Even though it was written in 1779, John Newton’s hymn “Amazing Grace” remains a favorite of Christians everywhere. It has aptly been called the “Anthem of Southern Baptists” because of its powerful and poetic expression of the truths of the gospel that Baptists hold dear. Unfortunately, when we sing the old familiar hymns, we may mouth the words without reflecting on the great truths that they express. Let’s think for a moment about one of the great doctrines that the hymn articulates. The hymn opens with the exclamation:

Amazing grace, how sweet the sound that saved a wretch like me, I once was lost, but now am found, was blind, but now I see.

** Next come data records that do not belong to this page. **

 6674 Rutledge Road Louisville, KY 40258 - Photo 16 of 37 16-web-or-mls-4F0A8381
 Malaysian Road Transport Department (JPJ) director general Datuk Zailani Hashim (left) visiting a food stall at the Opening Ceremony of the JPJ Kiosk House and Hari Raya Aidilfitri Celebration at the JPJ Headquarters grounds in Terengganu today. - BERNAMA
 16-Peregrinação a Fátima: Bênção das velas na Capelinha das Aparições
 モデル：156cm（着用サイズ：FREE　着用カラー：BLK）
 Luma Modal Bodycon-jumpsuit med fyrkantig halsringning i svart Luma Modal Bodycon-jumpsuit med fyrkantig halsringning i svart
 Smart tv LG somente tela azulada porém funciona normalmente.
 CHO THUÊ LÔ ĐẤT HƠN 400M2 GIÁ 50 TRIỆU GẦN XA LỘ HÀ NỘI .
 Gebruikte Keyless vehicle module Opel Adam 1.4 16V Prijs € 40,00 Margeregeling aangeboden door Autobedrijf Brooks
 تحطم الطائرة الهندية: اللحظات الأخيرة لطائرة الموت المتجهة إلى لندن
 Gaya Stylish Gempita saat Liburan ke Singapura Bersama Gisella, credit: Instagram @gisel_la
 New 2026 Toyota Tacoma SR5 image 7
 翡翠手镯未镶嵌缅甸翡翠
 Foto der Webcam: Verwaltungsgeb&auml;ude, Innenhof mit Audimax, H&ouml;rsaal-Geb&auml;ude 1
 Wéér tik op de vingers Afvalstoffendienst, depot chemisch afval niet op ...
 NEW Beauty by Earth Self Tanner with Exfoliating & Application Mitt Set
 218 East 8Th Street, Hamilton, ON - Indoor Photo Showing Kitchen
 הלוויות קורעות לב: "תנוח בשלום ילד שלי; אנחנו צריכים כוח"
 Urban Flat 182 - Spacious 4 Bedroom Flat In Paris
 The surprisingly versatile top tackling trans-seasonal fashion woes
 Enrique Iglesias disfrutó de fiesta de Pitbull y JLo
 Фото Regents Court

The verse offers a vivid description of the helpless state of the lost sinner. He is a “wretch,” an utterly despicable person. The words “I once was lost, but now am found” evoke memories of the parable of the loving father and lost son in Luke 15 and remind us that we were all prodigals who were completely unworthy of the Father’s love. But Newton did not stop there. He reminded us that we wretches, we prodigals, were blind to the truths of the gospel until God’s amazing grace gave us sight. The same great grace that saves wretches, that seeks and finds the lost, opens the blind eyes of the sinner to the glories of Christ. The statement brims with biblical insight.

The prophet Isaiah foretold that when the reign of the Messiah dawned, “Then the eyes of the blind will be opened, and the ears of the deaf unstopped” (Isa. 35:5). The Gospels show that Jesus confirmed his identity as the Messiah by fulfilling Isaiah’s prophecy, by opening blind eyes and unstopping deaf ears.

In Mark 7:31-37, concerned friends brought a deaf man to Jesus. Jesus thrust his fingers in the deaf man’s ears, sighed deeply, and issued the command, “Ephphatha,” an Aramaic expression meaning, “Be opened.” Immediately the man’s ears were opened and he was given the ability to hear. The bystanders were astonished and exclaimed, “He has done everything well! He even makes deaf people hear!” Only a few verses later in Mark 8:22-26, others brought a blind man to Jesus and begged Jesus to touch him and heal him. Jesus placed spit on the man’s eyes, laid hands on him, and cured him of his blindness.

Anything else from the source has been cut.